Read Forever Now (Forever - Book 1) Online
Authors: Elise Sax
Swagger.
His eyes shifted to me, and his right eyebrow shot up. “Blue?” he asked me. “That’s a lovely name.” He spoke with a slightly lighter accent than the Bergers, but he oozed French out of every pore.
“No, I mean, that’s not my name,” I said.
“Zees iz Tess,” Madame Berger told him.
“Another writer, Pierre,” Monsieur Berger explained.
“Is that so?” He sat on the chair next to the couch and crossed his legs. “Blue, a beautiful, young writer. My favorite genre of writer.”
I couldn’t speak. I was in way over my head. I was no good at small talk, not that I had any idea what small talk was for rich French people.

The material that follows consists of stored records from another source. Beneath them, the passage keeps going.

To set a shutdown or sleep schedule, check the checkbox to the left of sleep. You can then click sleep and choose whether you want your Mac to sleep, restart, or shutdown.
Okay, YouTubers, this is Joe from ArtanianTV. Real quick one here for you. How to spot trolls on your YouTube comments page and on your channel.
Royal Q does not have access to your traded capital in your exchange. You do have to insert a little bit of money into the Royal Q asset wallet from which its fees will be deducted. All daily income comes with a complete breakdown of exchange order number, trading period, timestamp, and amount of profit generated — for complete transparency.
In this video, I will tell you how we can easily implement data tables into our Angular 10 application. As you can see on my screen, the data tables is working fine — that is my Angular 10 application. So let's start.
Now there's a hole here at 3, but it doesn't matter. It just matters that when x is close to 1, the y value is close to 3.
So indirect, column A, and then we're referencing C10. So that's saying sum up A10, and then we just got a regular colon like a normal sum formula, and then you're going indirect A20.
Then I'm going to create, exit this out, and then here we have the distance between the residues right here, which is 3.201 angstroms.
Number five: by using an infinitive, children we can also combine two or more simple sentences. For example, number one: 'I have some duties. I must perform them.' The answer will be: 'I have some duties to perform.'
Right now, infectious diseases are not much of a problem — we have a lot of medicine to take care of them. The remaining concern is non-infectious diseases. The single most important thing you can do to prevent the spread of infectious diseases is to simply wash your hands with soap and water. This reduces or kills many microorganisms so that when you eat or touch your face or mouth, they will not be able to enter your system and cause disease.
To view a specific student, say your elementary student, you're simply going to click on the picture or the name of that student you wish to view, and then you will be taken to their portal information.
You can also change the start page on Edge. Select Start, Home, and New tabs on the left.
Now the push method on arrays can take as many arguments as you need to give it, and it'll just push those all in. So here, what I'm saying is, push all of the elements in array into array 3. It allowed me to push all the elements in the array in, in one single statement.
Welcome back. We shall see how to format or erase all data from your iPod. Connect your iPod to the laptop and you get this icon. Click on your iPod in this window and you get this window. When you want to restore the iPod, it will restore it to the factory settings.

“Tell me what iz it that you write?” he asked me.
“Uh—“
“Let me guess,” he said. “I sense a deep intellect in your lovely head. Perhaps you have amazing powers of deductive reasoning. So…a mystery writer?”
He had a way of speaking that made me blush up and down my body. He gave me all of his attention, as if the rest of the world was inconsequential or nonexistent.
I shook my head. I still couldn’t find words.
“Ah, I see,” he said, smiling and raising his eyebrow again. “You want to make this difficult for me. Very good. Very good. Could you be perhaps a romantic? A woman with such a face could only be a romantic. So, you write the romance?”
I didn’t know how to answer him. I didn’t actually write anything outside of my notebooks, and in them I wrote little stories…my dreams, my desires, my emotions, and my despair. What genre was that? I wished they hadn’t told him I was a writer. I didn’t want him to find out that I was just a teenage girl who wrote about her boring life in a 99-cent store notebook.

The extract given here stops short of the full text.